Study material>
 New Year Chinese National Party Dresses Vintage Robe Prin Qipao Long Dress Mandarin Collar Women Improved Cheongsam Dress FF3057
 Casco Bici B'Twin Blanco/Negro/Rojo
---
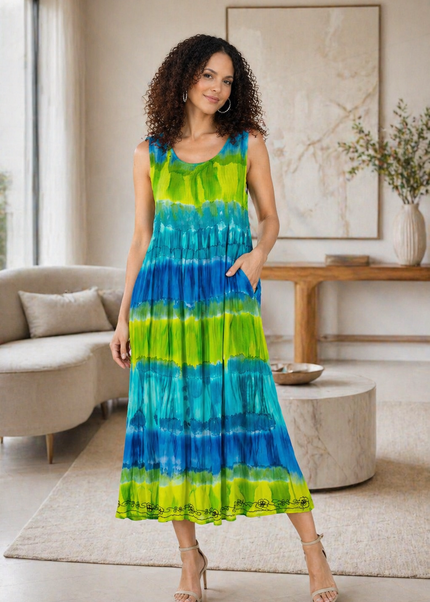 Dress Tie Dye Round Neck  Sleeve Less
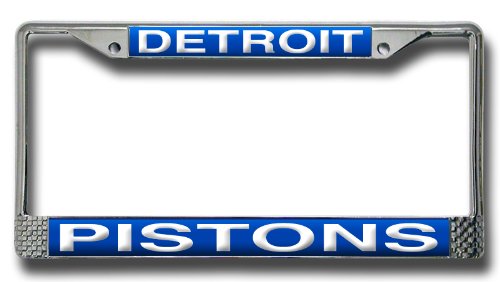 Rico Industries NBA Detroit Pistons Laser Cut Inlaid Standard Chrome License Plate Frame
...
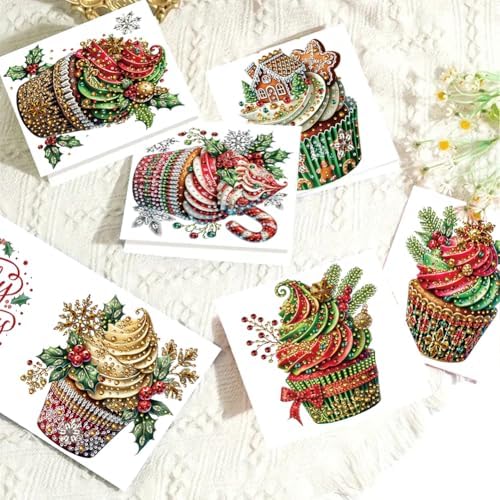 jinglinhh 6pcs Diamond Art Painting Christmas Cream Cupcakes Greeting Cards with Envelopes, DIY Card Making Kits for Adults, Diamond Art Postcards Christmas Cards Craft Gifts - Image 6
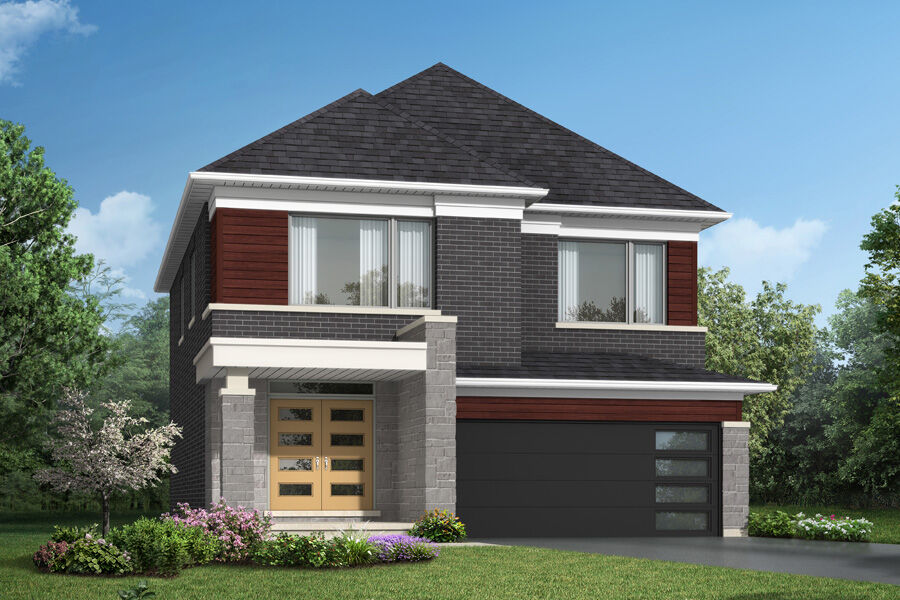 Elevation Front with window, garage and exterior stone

Your task> Take the line above containing "New Year Chinese", the line containing "Casco Bici B'Twin Blanco/Negro/Rojo", and all lines in between, and copy them exactly without anything else.

Reply to the exercise>
 New Year Chinese National Party Dresses Vintage Robe Prin Qipao Long Dress Mandarin Collar Women Improved Cheongsam Dress FF3057
 Casco Bici B'Twin Blanco/Negro/Rojo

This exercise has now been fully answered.